Resource Estimation
Queries per second (QPS)
Assuming each sync involves a read and a write operation, let's calculate the number of operations per second. We note that there are 86,400 seconds in a day.
Using the resource estimator, we get the following results:
High Level Design
How Dropbox Works
Before getting into the details of high level design, let's get the background knowledge of how files are stored in a cloud storage service like Dropbox.
File Chunking
In the beginning, one might think that the simplest way to handle file uploads and downloads in a cloud storage system would be to treat each file as a singular entity. Let's call this the naïve approach. In this scenario, whenever a user wants to upload a file, the entire file would be sent to the server. Similarly, when downloading, the entire file is fetched all at once. At first glance, this seems straightforward and uncomplicated.
However, problems arise when we delve deeper into real-world scenarios. Imagine a professional video editor working on a 10GB video file. After making a tiny edit, such as adjusting the color on a single frame, they need to save and backup their work. In the naïve approach, this minuscule change would necessitate re-uploading the entire 10GB file. Such a method is clearly inefficient, consuming unnecessary bandwidth and time.
This is where the chunk-based approach comes into play. Instead of treating a file as one large block, it's divided into smaller, manageable pieces or chunks. Let's visualize this with the video editor's dilemma. Using the chunk-based approach, the 10GB video might be split into 1000 chunks of 10MB each. When the editor makes that small change, perhaps only one or two of these chunks get altered. Now, instead of re-uploading 10GB, only 20MB needs to be transmitted. The savings in time and bandwidth are evident.
But the benefits don't end there. The chunking strategy has multiple advantages:
- Resilience: If our video editor had an unstable internet connection and the upload was interrupted, the naïve method would potentially start over, causing frustration. In contrast, with chunking, only the interrupted chunks need to be retransmitted. This resilience becomes a boon in unreliable network conditions.
- Deduplication: Over time, our editor might have multiple projects with some shared footage. Rather than storing duplicate data, the system can recognize identical chunks and store them just once. This not only saves storage space but also upload time.
- Parallelism: Uploading or downloading several chunks simultaneously can maximize bandwidth utilization. For our editor, this means quicker backup and retrieval times, especially vital when deadlines are looming.
- Streaming: If our editor wanted to preview a clip from the cloud, chunking allows them to stream just the part they need.

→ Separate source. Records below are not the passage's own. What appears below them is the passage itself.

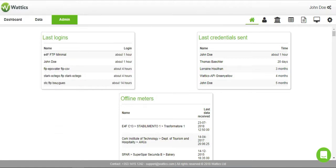Welcome to Wattics. In this video, we will cover the features of the admin section on the Wattics platform.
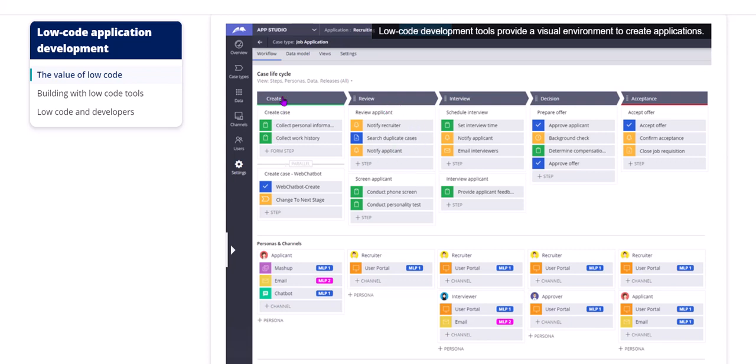This is create stage, review stage, interview, decision, acceptance stage. This is called as the happy path. You can also have alternative paths. And each one of these steps. In each one of these is a step.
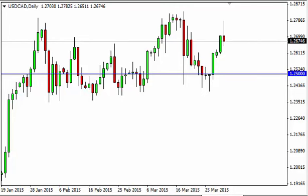Dollar Canadian dollar daily forecast April 1st, FX Empire. The dollar CAD, as you can see, initially tried to rally during the course of the session here on Tuesday. However, right around 1.28, we turned back around.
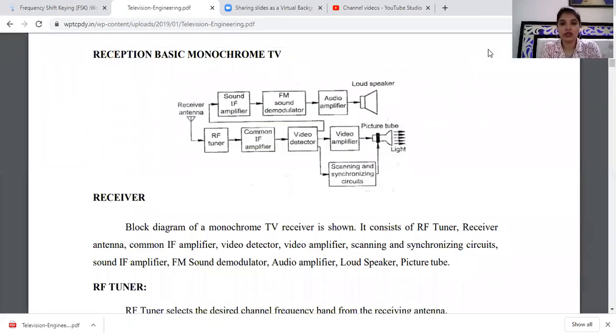Good morning class. I am Kritika, lecturer at the EC Department of Community and Political College.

They don't have to wait for the entire file; they can start viewing as soon as the relevant chunks are loaded.
- Security: Each chunk can be encrypted individually. If there were a security breach and a chunk's encryption was compromised, the entire file wouldn't necessarily be vulnerable.
This progressive shift from the naïve to the chunk-based approach showcases a classic evolution in system design. What starts as a straightforward solution soon reveals its shortcomings under real-world pressures. By addressing these issues with a more sophisticated method, like chunking, systems can provide improved performance, efficiency, and user experience.
How Files are Stored on Dropbox
Now that we have a good idea of how file chunking works. Let's take a look at how Dropbox divides and stores a file.
Dividing the File into 4MB Blocks
Imagine you've just completed a high-definition video project that's about 40MB in size. When you decide to back up this video to the cloud, the system doesn't just take the video as one large data blob. Instead, it intricately slices this file into ten distinct blocks, each 4MB in size. This segmented approach is the first step in ensuring an efficient storage and retrieval process.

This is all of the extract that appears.